¶A not so good way to decode Huffman codes
Having made a working Huffyuv decoder, I took a shot at making it faster than the 2.1.1 decoder... and failed.
I guess I'll present the algorithm here as a curiosity. Perhaps someone can suggest a variant that's actually worthwhile.
Huffyuv encodes its main bitstream as a series of interleaved Huffman-encoded codes, with the order being a repeating Y-Cb-Y-Cr for the YUY2 mode, and the output being a series of byte values or byte deltas, which then possibly go through the predictor. There are thus three variable length decoders involved. The traditional way to handle this is to break down each code into a series of tables and select the right table according to the next N bits in the stream, either by a branch tree of comparisons against the window value, or by some faster way of looking up the ranges. In particular, the Bit Scan Forward (BSF) and Bit Scan Reverse (BSR) instructions on x86 are attractive for this.
I decided to try a different tack, which was to build a state machine out of all three of the tables simultaneously, with the form: (current state, input byte) -> (next state, advance_input, advance_output, output_byte). There are a few advantages to doing this, one being that no bit manipulations are needed on the input stream since it is always consumed a byte at a time, and no branches at all are required. All three decoders live in the same state machine, so in the end, the decoding loop looks like this:
movzx edx, byte ptr [ecx] ;read next byte mov eax, [eax + edx*4] ;read next state mov [ebx], al ;write output byte and eax, 0ffffff00h ;remove output byte add eax, eax ;shift out input_advance and compute next_state*2 adc ecx, 0 ;advance input pointer add eax, eax ;shift out output_advance and compute next_state*4 adc ebx, 0 ;advance output pointer add eax, edi ;compute next state address cmp ebx, ebp ;check for end of decoding jne decloop ;if not, decode more bytes
Now, one of the annoying issues with trying to optimize a Huffman decoder, or a decoder for any sort of variable-length prefix code for that matter, is that it's an inherently serial procedure. You can't begin decoding the second code in parallel until you know where the first one ends. (Okay, you could if you had a parallel decoder for every bit position, but that's typically impractical.) That means the decoding speed is determined by the length of the critical dependency path, which in this case is 9 instructions (movzx, mov, mov, and, add, add, add, cmp, jne). I suspect I could trim that down a little bit if I hardcoded the base of the table and rearranged the code somewhat, but it turns out to be irrelevant. For the standard Huffyuv 2.1.1 YUY2 tables, the state machine turns out to be 1.8MB in size, and that means the decoding routine spends most of its time in cache misses on the instruction that fetches the state entry, the second instruction. Rats.
In the end, it did work, but was around 20-30% slower than a SHLD+BSR based decoder, at least on a T9300. That doesn't count the bitstream swizzle and prediction passes, but those take almost no time in comparison.
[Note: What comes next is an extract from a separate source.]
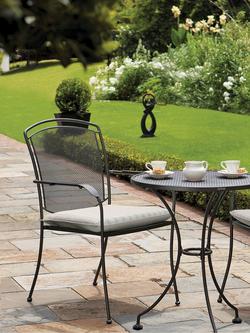 John Lewis Henley by KETTLER Garden Dining Armchair Striped Cushion, Grey - view 2, Grey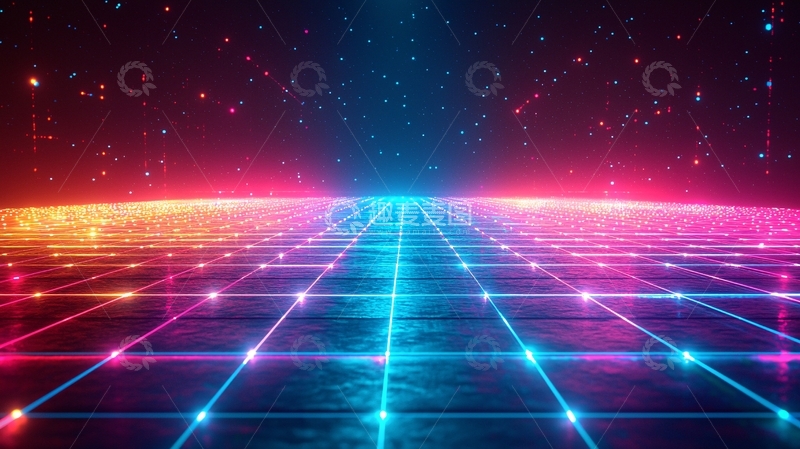 高清大图下载【趣麦麦图】霓虹灯网格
It might be more lucrative for a smaller sized variable length code or one where the minimum code length is 8 bits and the conditional input advance could be dropped.
In general, it seems pretty hard to beat a SHLD+BSR decoder. This is particularly the case on a PPro-based architecture where BSR is very fast, two clocks for PPro/P2/P3/PM/Core/Core2, and one clock for enhanced Core 2 (!). The P4s seem a bit screwed in general, because while BSR is slow, so's practically everything else. Athlons are a bit weird -- they have slow BSR/BSF like the original Pentium and slow scalar<->vector register moves, but they're fast at scalar ops. That probably explains why I saw a branch tree instead of BSR the last time someone sent me a crash dump in Huffyuv 2.2.0's decoder....
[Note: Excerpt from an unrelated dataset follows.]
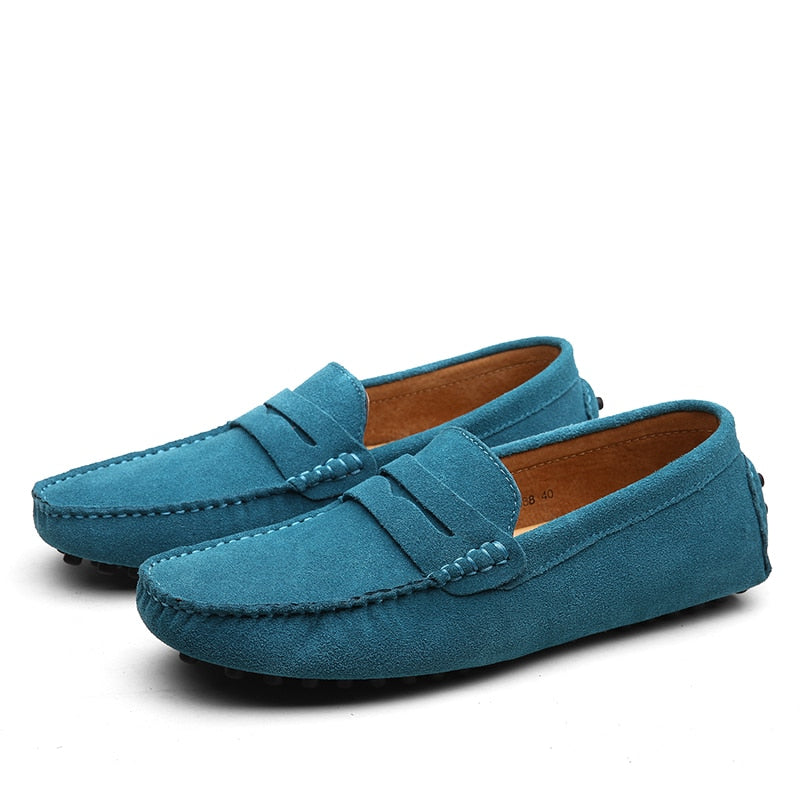 Men's suede loafers with moc toe and penny strap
I'm tempted to try putting a first-level table check on the decoder to see if that helps. The way this works is that you pick a number of bits, k, and determine how many codes are of length k or less. You encode those directly in a table of size 2^k as (code, length) pairs and everything else goes to more tables or an alternate decoder. Ideally, the effectiveness of this table is determined simply by how many entries are encoded directly in it, e.g. if 1800/2048 entries can use the fast path then you'll hit the fast path 87% of the time. In practice, this can vary depending on how well the distribution of the encoded data matches the distribution used to create the prefix code tree; they may not always match well when the tree is static, as is the case in vanilla Huffyuv. It's also questionable in this case because the advantage over the BSR is slight and the need for a fallback from the table requires adding an asymmetric but poorly predicted branch.
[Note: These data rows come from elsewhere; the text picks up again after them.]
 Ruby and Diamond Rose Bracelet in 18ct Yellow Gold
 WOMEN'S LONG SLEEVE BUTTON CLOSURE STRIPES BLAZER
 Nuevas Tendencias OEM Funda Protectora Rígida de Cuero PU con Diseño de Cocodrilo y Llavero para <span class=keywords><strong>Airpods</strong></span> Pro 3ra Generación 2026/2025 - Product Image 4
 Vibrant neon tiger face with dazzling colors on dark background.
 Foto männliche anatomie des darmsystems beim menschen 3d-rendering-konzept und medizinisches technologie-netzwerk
As a final note, most of these optimizations are only possible when Huffman codes are placed in the bitstream starting from the MSB of each word, as Huffyuv does, and as many standard encodings do, including JPEG and MPEG. Deflate's a pain in the butt to decode in comparison because it places codes starting at the LSB, which means you can't easily treat the bitstream as a huge binary fraction and use numeric comparisons, as the methods I've described above do.